You can drill Maximum Efficiency cold, or you can hedge it. StealthCoder runs invisibly during screen share and surfaces a working solution in under 2 seconds. The proctor sees the IDE. They don't see what's behind it. Made by an engineer who treats the OA as theater. If yours is tonight, you don't have time to grind. You have time to hedge.

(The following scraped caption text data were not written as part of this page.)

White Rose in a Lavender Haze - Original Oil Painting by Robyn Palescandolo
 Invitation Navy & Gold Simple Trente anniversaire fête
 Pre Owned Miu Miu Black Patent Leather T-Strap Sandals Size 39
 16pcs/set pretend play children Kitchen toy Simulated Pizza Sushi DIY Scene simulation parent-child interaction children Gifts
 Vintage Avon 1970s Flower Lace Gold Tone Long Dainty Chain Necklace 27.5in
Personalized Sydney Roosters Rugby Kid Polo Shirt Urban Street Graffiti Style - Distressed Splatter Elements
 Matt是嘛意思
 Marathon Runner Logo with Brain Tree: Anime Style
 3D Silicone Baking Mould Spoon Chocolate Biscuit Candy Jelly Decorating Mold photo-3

Get StealthCoderRelated leaked OAs
You've seen the question.
Make sure you actually pass IBM's OA.
IBM reuses patterns across OAs. Made by an engineer who treats the OA as theater. If yours is tonight, you don't have time to grind. You have time to hedge. Works on HackerRank, CodeSignal, CoderPad, and Karat.
Maximum Efficiency FAQ
Is this a greedy problem or DP?+
Without the full problem text, assume greedy first. Sort by one dimension (efficiency, cost, time), then pick or pair greedily. If greedy fails and you need to track overlapping subproblems, it's DP. IBM leans greedy for efficiency problems, but test your logic on small examples first.
How much time do I have to solve this?+
Typical IBM OAs allow 45-60 minutes per problem. You need to read, understand, code, and test. Don't spend more than 15 minutes stuck on one approach. If you blank, reset and try the other pattern.
What's the most common mistake?+
Assuming you can just sort and pick without validating the constraint. Maximum efficiency problems often have a hidden constraint (budget, time window, conflict). Read the problem twice before coding. Missing one word costs you the entire solution.
Should I write a brute force first?+
Only if you have a timeout hedge. Write brute force, submit, then optimize if it fails. IBM's OA usually accepts greedy or DP in the time limit. Don't gold-plate. Aim for O(n log n) or O(n^2) max.
Can I skip this and come back?+
Yes, but risky. If you don't see the pattern in 5 minutes, flag it, solve other problems, and return. Fresh eyes often catch the trick. Panic coding here guarantees wrong answer.